Linus Galleries, Painting Gallery LA
2014 Artist Interview Series
Erik Kaye
Linus Galleries, a fine art gallery based out of Los Angeles, presents our sixth interview. The Artist Interview Series is a new blog featuring Linus artists from a variety of different practices and backgrounds. The blog aims to be an enjoyable read, sharing insight into the artist’s creative process and workspace, as well as their view of the world around us. This week we feature Erik Kaye and his watercolor fine art paintings.
1) Please tell us your name, artistic practice of choice, and location in the world.

I am Erik Kaye. I paint in watercolor, and although I’m an American from New Jersey and Oregon, I have lived outside of Tokyo, Japan since 1998.
2) Are you self taught or did you formally study art?
Although I studied art at the State University of New York and the Rhode Island School of Design, I still consider myself to be self-taught. I continue to work in the themes I did before going to art school, and I have built up on those themes.

3) This is a hard choice for many visual artists, but what is the first answer that comes to mind when you think of your favorite color?
It is true that I buy more tubes of cobalt, light-cobalt, turquoise, Davey’s grey and Chinese white than any other colors. I like colors that are fully saturated, with a little grey or brown in them, in order to showcase the brighter colors.

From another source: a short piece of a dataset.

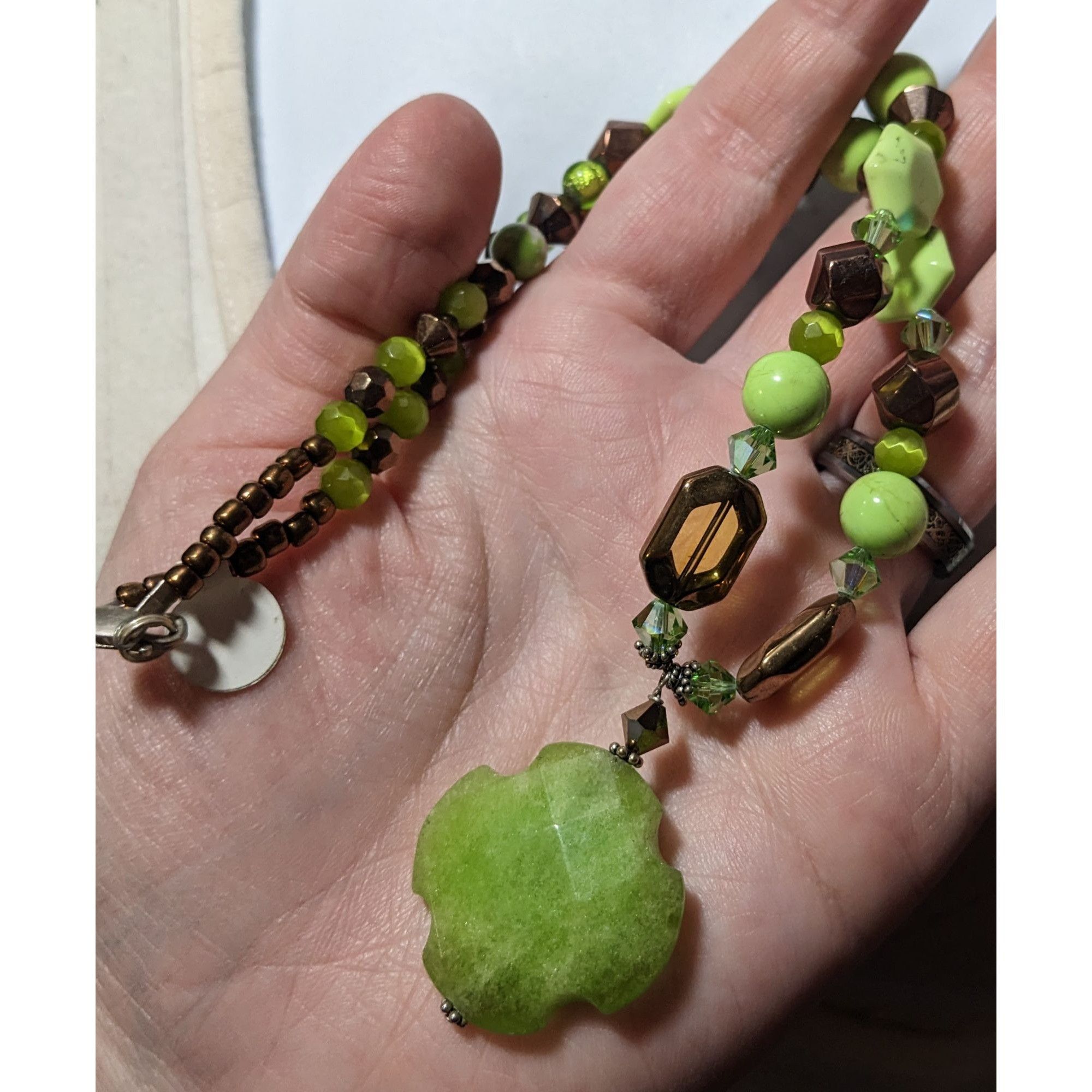 Other Handmade Green And Copper Glass And Stone Pendant Necklace Size ONE SIZE - 7 Thumbnail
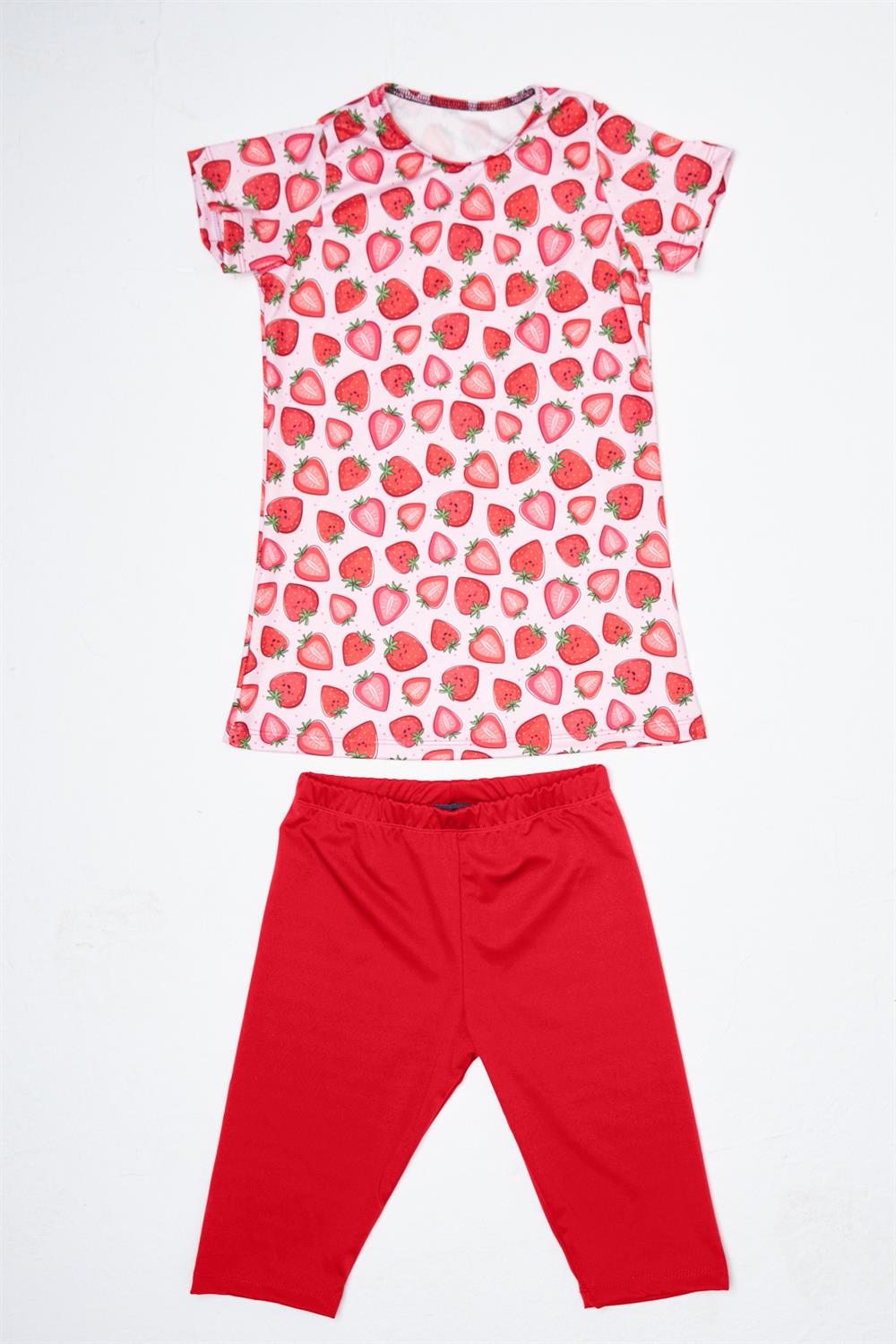 Kız Çocuk Kısa Kol Taytlı Yarı Kapalı Mayo P23/118 Çilek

4) What subject matter appears most in your artwork? What do you love about that subject? What do you dislike?
I have numerous themes I cycle around in; landscape which I usually render more realistically, portraits and figures which I like to work in Japanese brush, both black and in color, and purely abstract gestural work based on brushstroke and calligraphy. But I also cycle in natural objects often rendered as mandalas, I like to paint food, packaged fish, mandala sea-shells and vegetables. I love landscapes as I have an intuition of the geomantic character of the places that attract me. But they demand more of me, more time and accuracy than the other modes I work in.

5) What is difficult for you about your chosen medium?
Watercolor demands great focus to be both spontaneous and controlled, but it is very satisfying to balance these two characteristics, or at least try to. Blending and grading colors wet is always challenging but great fun. Watercolors are more exciting for me than oils or acrylics because the colors are more light and bright and true.
6) Do you have any secret talents or party tricks unrelated to your art making?
I sing well, I like karaoke, I write poetry (and have been published), I know thousands of songs.
7) Which describes you: Beach, Forest, Desert, Field, or City?
I’m an oasis in the desert. Around me parched frontier; if you enter my gates I am lush, exotic, mysterious, abundant. But if you see me, be skeptical, you might be seeing a mirage. I’m hard to find.
8) What musical artist/band are you currently listening to when you are creating?
I always listen to Yes, Frank Zappa, Mahavishnu, Krishna Das, Return to Forever; the classics. Contemporary doesn’t do much for me but I like Indie stuff when I hear it, like post Chemical Brothers or trance. I challenge one and all to introduce me to something that grabs me.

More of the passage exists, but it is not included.